- About this exercise
Drop every picture. Then return, exactly, the lines from the beginning of the listing below through the one containing "Best Blackhead Removers".

- Data section
Start of Block

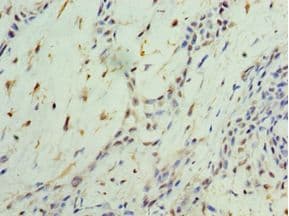 NR4A1 / NUR77 Antibody (aa1-170)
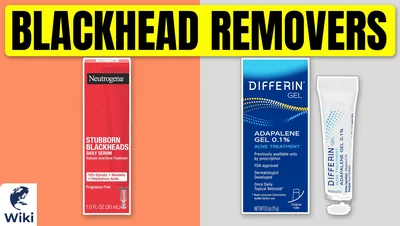 Best Blackhead Removers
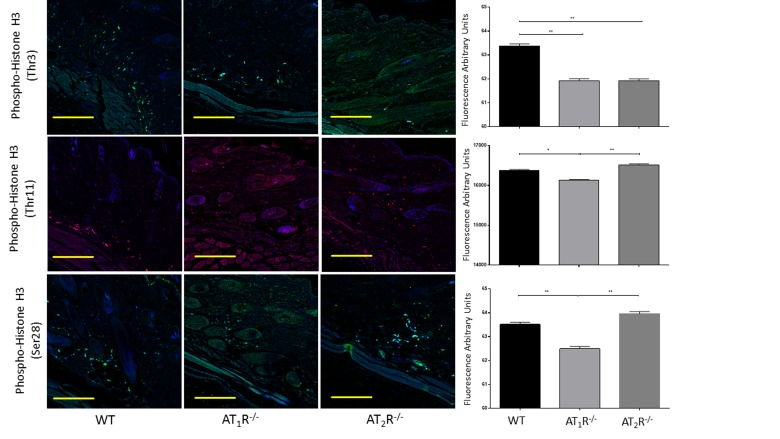 Down regulation of mitotic histone H3 phosphorylation in wounds of AT1R−/− at several residues, including serine 28 as well as threonine 3 and 11. AT2 R−/− mice have lower expression of Phospho-Histone H3 (Thr3) in healed skin (day20) as compared to WT. The photomicrographs presented in green (Thr3 and S28) or red (Thr11) fluorescent staining with a blue DAPI counter stain for nuclei at 10x magnification. Quantification of mean fluorescence intensity of Phospho-Histone H3 in wild-type and mutant mice is shown. Scale bar 200 μm. *p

End of Block

- Response below
 NR4A1 / NUR77 Antibody (aa1-170)
 Best Blackhead Removers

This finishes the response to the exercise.